Dayton vetoed the Republican budget plan on Tuesday, suggesting the cuts to health care, higher education and state government were too extreme.

On Wednesday, he symbolically vetoed a constitutional amendment that would ban same-sex marriage. Dayton called the amendment mean-spirited, divisive, un-Minnesotan and un-American, but he admitted his veto will do nothing to prevent it from going on the 2012 ballot. He said the amendment may be the only accomplishment that GOP lawmakers have to show for the 2011 session.

Several Republican senators, includuing Roger Chamberlain of Lino Lakes, took issue with Dayton's comments.

"I'm a father and a husband," Chamberlain said. "I till my own garden. I pull my own weeds. My truck is 10 years old, and it needs new tires. I volunteer at the church. That is not extreme."

Chamberlain and seven other first-term Republican senators held a news conference to react to Dayton's comments. They talked about their lives outside of the Capitol, why they ran for office and their key priorities. Their top issue is erasing the state's $5 billion projected budget deficit by holding the line on government spending.

Sen. Ben Kruse of Brooklyn Park said the Republican budget plan actually increases state spending over the current two-year budget.

"We have put together a full and balanced budget. We have helped Minnesota keep its government within its means," said Kruse. "We will not spend more than the revenue that we bring in, just like Minnesota families can't spend more than what they bring in. That's why we're here, and that's anything but unreasonable."
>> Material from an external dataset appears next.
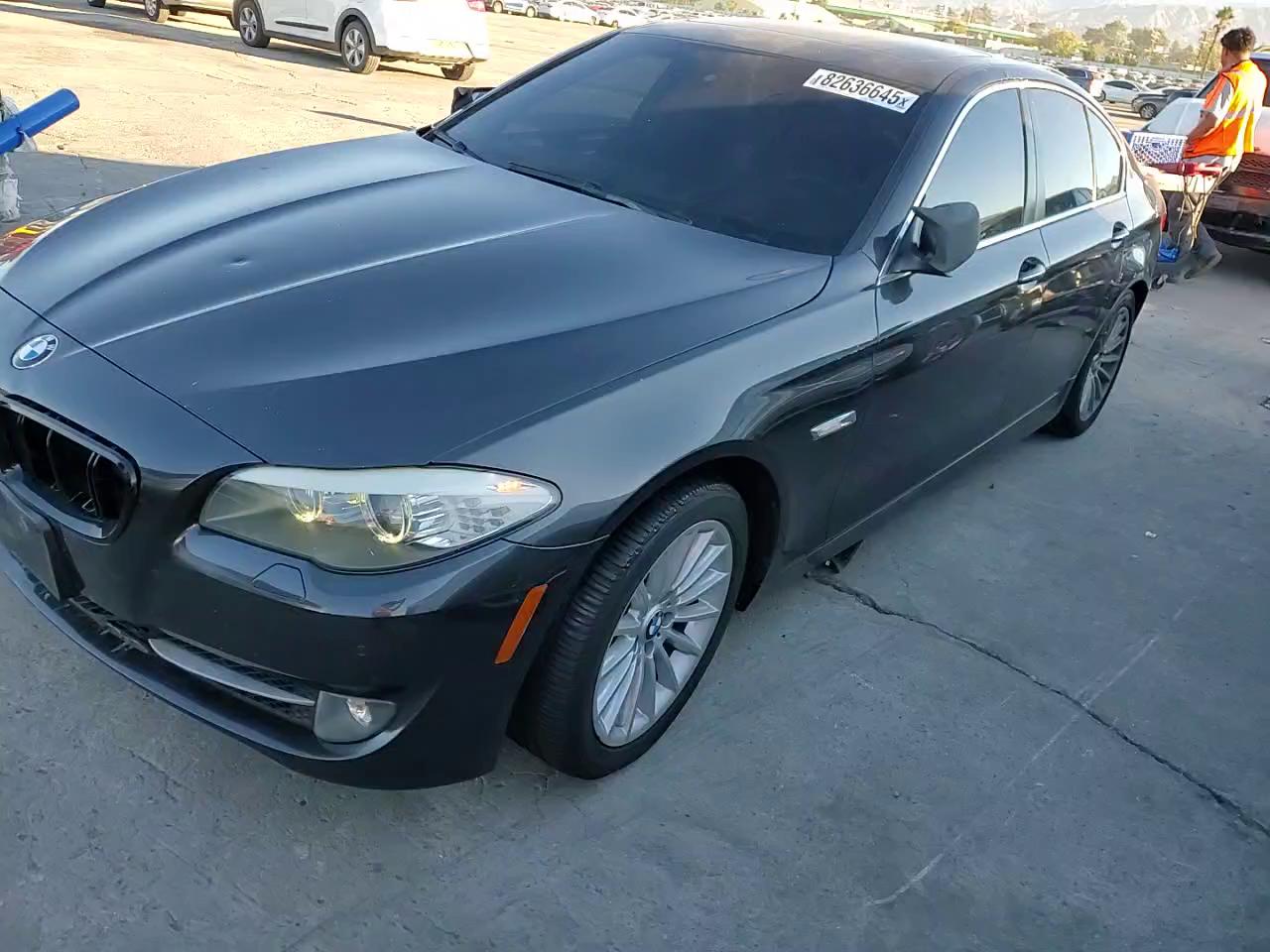 Фото: WBAFR7C53BC266997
This year's crop of Republican newcomers has considerable influence in both the House and Senate. They make up more than half of the Republican majority in the Senate and nearly half in the House. That means freshman lawmakers will have a big say about whether GOP legislative leaders can cut a budget deal with Dayton in time to avoid a government shutdown on July 1.

The governor held a private meeting with his cabinet Wednesday to plan for such a shutdown. Management and Budget Commissioner Jim Schowalter says attorneys for the state will go to a judge next month to determine which state services are essential. He said state agencies will also try to identify which services have to continue if a shutdown occurs.

"It's an extraordinarily quick way to make people very somber, confused and frustrated," Schowalter said. "It takes us away from what we want to be doing, which is thinking about how to get us a budget that works."